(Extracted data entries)

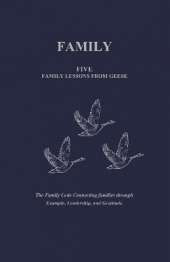 Family: Five Family Lessons from Geese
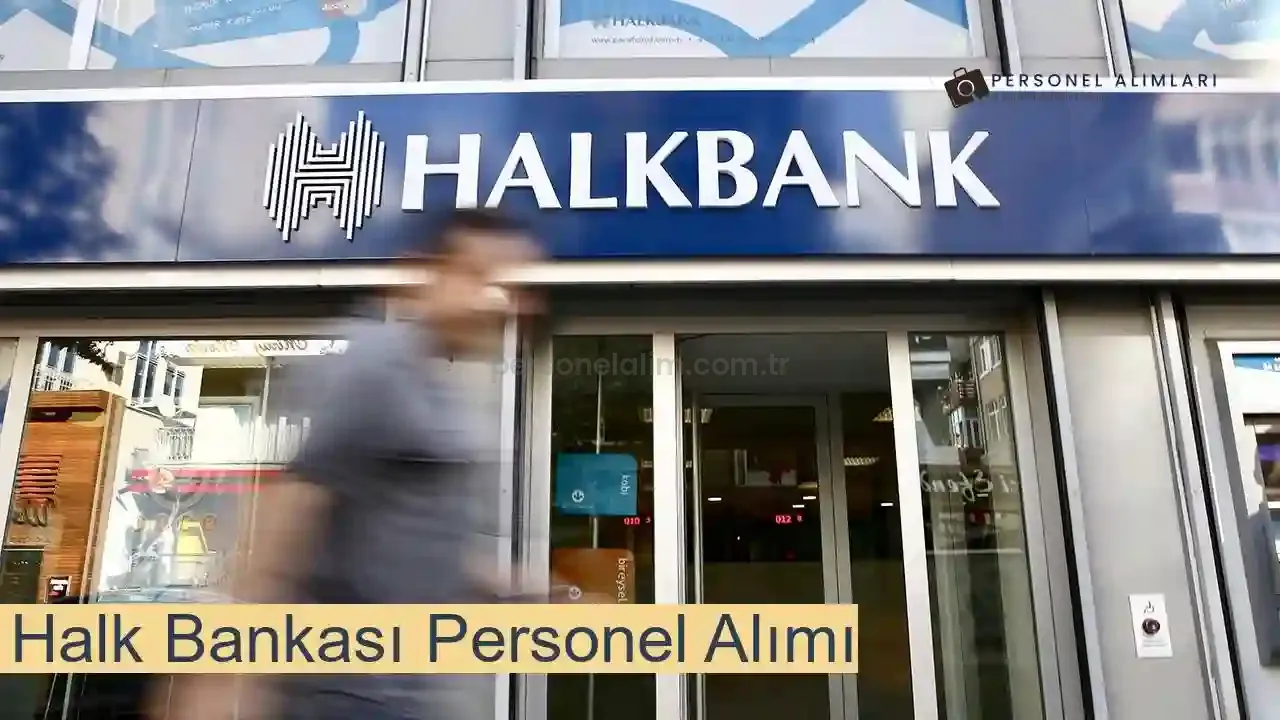 Halk Bankası Personel Alımı 2025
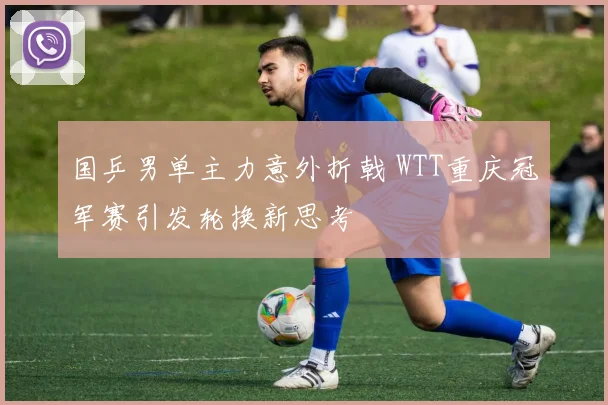 国乒男单主力意外折戟 WTT重庆冠军赛引发轮换新思考 - 彩客网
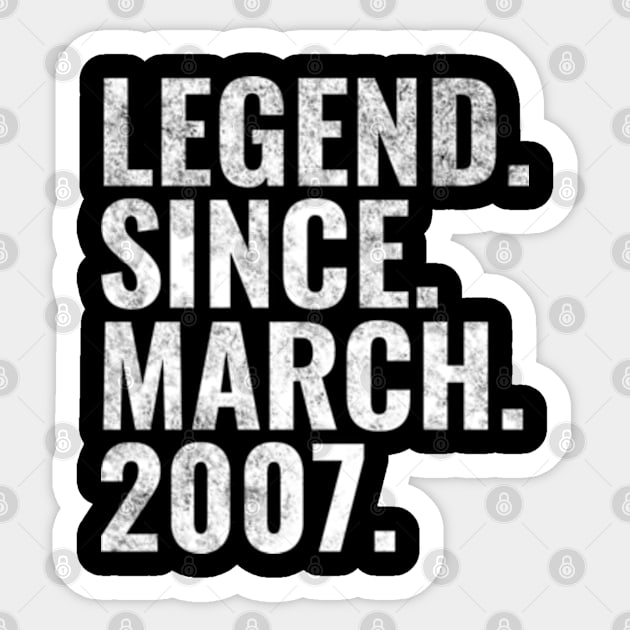 Legend since March 2007 Birthday Shirt Happy Birthday Shirts Sticker by TeeLogic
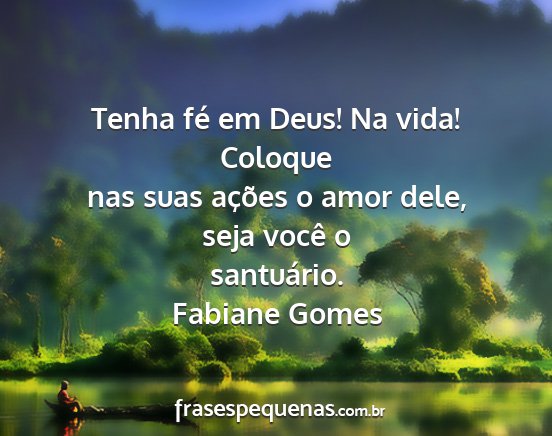 Fabiane Gomes - Tenha fé em Deus! Na vida! Coloque nas suas...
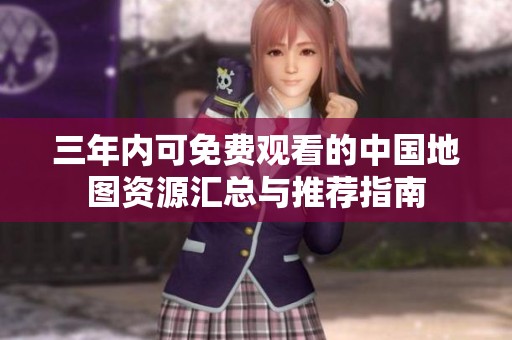 三年内可免费观看的中国地图资源汇总与推荐指南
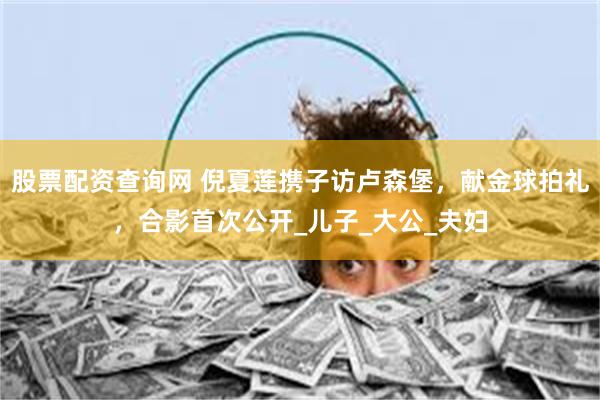 股票配资查询网 倪夏莲携子访卢森堡，献金球拍礼，合影首次公开_儿子_大公_夫妇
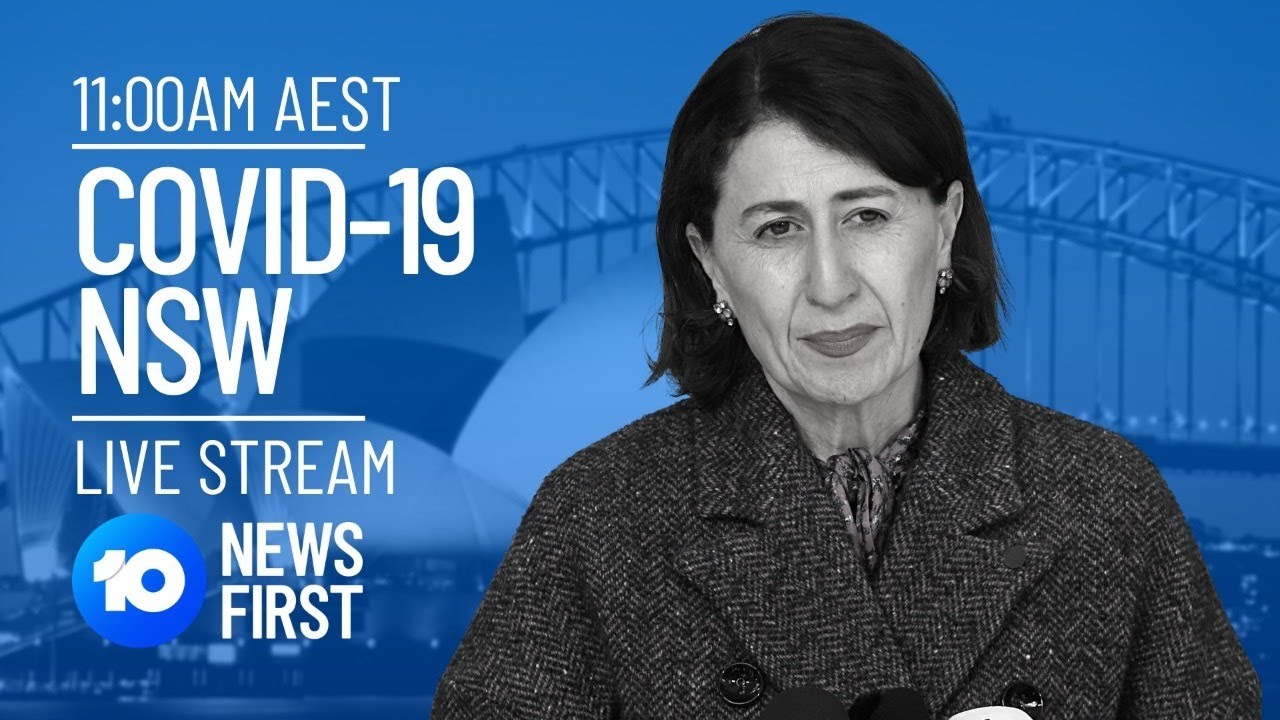 LIVE: NSW COVID-19 And Sydney Lockdown | 10 News First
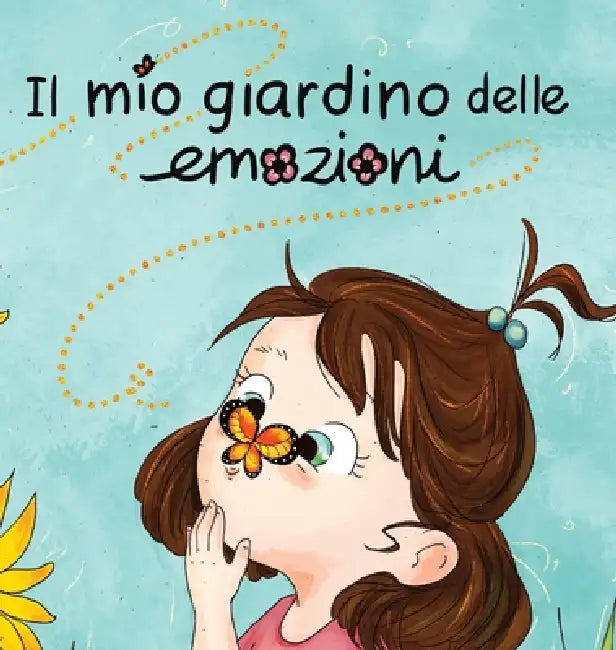 Il mio giardino delle emozioni by Lisa Casarotti, Elettra Cudignotto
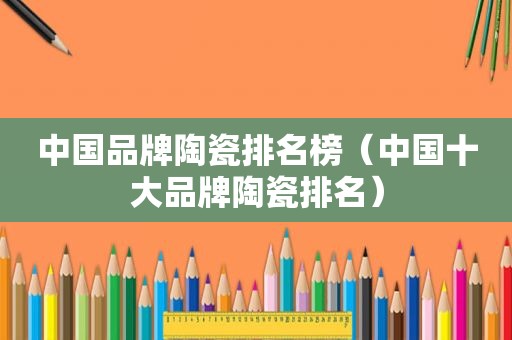 中国品牌陶瓷排名榜（中国十大品牌陶瓷排名）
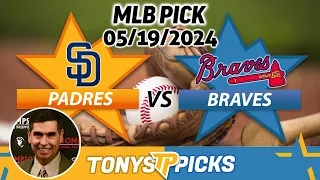 San Diego Padres vs. Atlanta Braves 5/19/24 MLB Picks & Predictions by Tony Tellez,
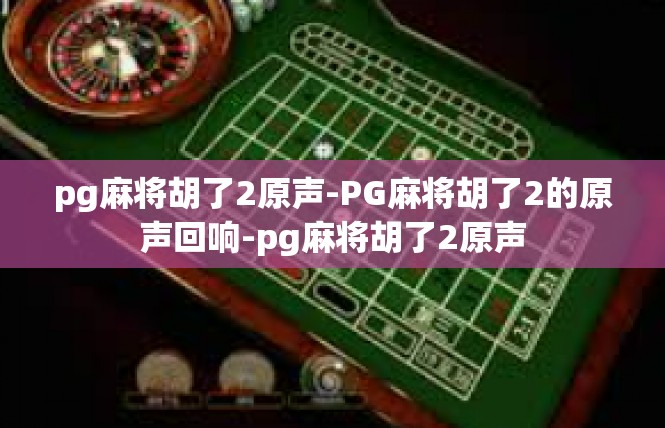 pg麻将胡了2原声-PG麻将胡了2的原声回响-pg麻将胡了2原声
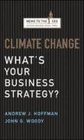 Climate Change What's Your Business Strategy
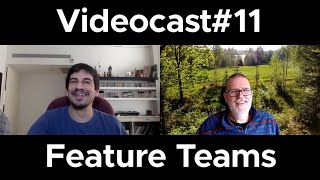 11 Wolfi and Elad talk about LeSS - Feature Teams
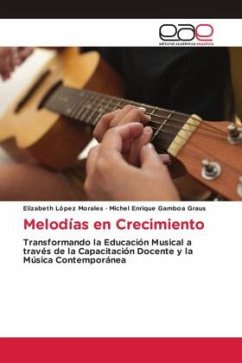 Melodías en Crecimiento - López Morales, Elizabeth;Gamboa Graus, Michel Enrique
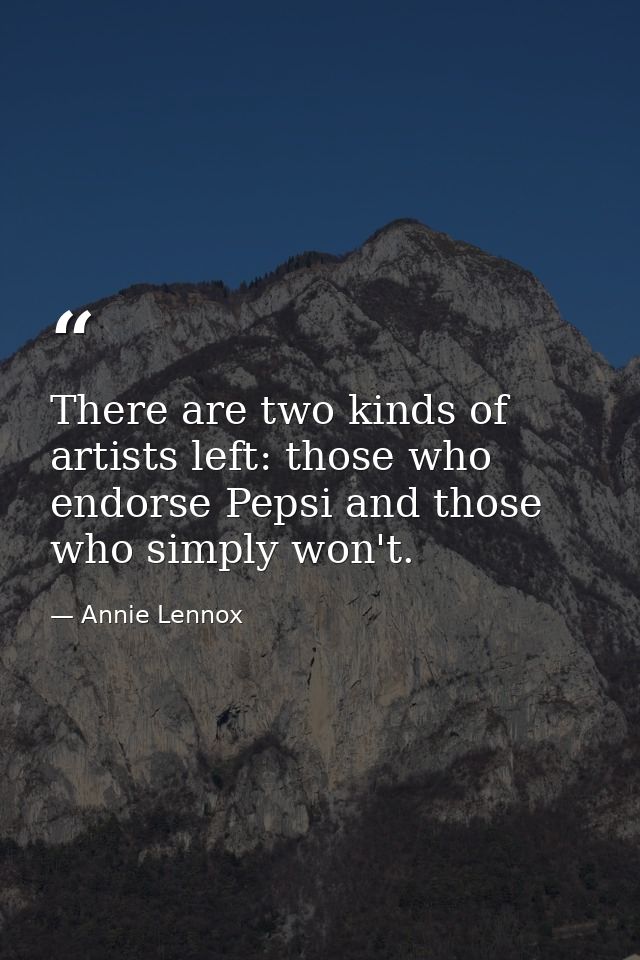 There are two kinds of artists left: those who endorse Pepsi and those who simply won't. — Annie Lennox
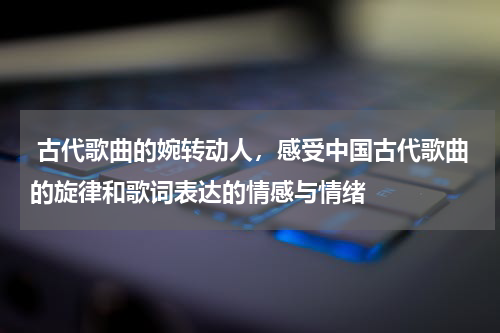  古代歌曲的婉转动人，感受中国古代歌曲的旋律和歌词表达的情感与情绪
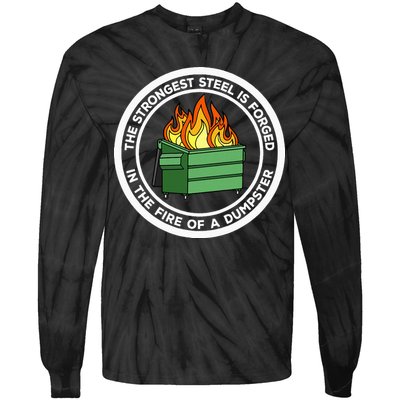 The Strongest Steel Is Forged In The Fire Of A Dumpster Tie-Dye Long Sleeve Shirt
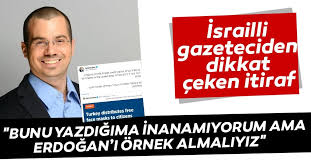 İsrail'in gündeminde Erdoğan'ı örnek almalıyız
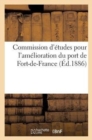 Commission d'Etudes Pour l'Amelioration Du Port de Fort-De-France. Premiere Seance : , Du 12 Octobre 1886 - Book
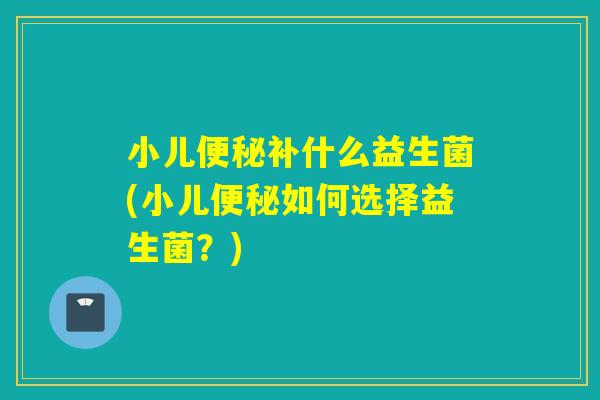 小儿补什么益生菌(小儿如何选择益生菌？)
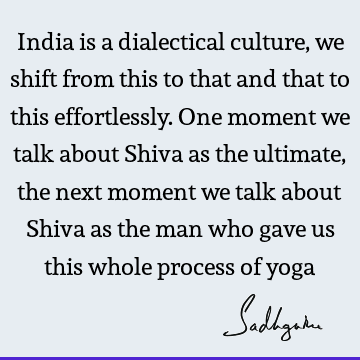 India is a dialectical culture, we shift from this to that and that to this effortlessly. One moment we talk about Shiva as the ultimate, the next moment we
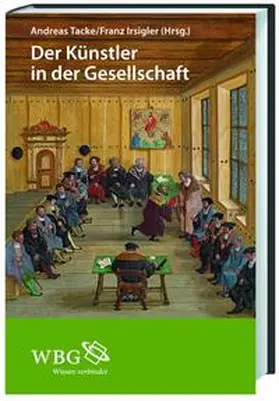Tacke / Irsigler |  Der Künstler in der Gesellschaft | Buch |  Sack Fachmedien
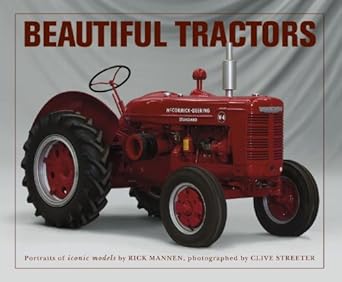 Beautiful Tractors: Portraits of Iconic Models cover image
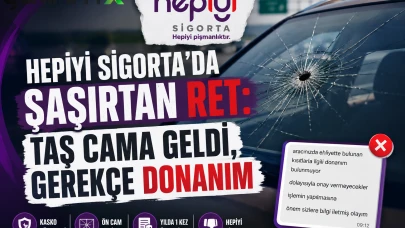 Hepiyi Sigorta'da şaşırtan ret: Taş cama geldi, gerekçe donanım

• _PROBLEM TO SOLVE_
Write out again exactly the lines above from the one with "pg麻将胡了2原声-PG麻将胡了2的原声回响-pg麻将胡了2原声" through the one with "Beautiful Tractors: Portraits", adding no other lines and no pictures.

• _RESULT_
 pg麻将胡了2原声-PG麻将胡了2的原声回响-pg麻将胡了2原声
 Climate Change What's Your Business Strategy
 11 Wolfi and Elad talk about LeSS - Feature Teams
 Melodías en Crecimiento - López Morales, Elizabeth;Gamboa Graus, Michel Enrique
 There are two kinds of artists left: those who endorse Pepsi and those who simply won't. — Annie Lennox
  古代歌曲的婉转动人，感受中国古代歌曲的旋律和歌词表达的情感与情绪
 The Strongest Steel Is Forged In The Fire Of A Dumpster Tie-Dye Long Sleeve Shirt
 İsrail'in gündeminde Erdoğan'ı örnek almalıyız
 Commission d'Etudes Pour l'Amelioration Du Port de Fort-De-France. Premiere Seance : , Du 12 Octobre 1886 - Book
 小儿补什么益生菌(小儿如何选择益生菌？)
 India is a dialectical culture, we shift from this to that and that to this effortlessly. One moment we talk about Shiva as the ultimate, the next moment we
Tacke / Irsigler |  Der Künstler in der Gesellschaft | Buch |  Sack Fachmedien
 Beautiful Tractors: Portraits of Iconic Models cover image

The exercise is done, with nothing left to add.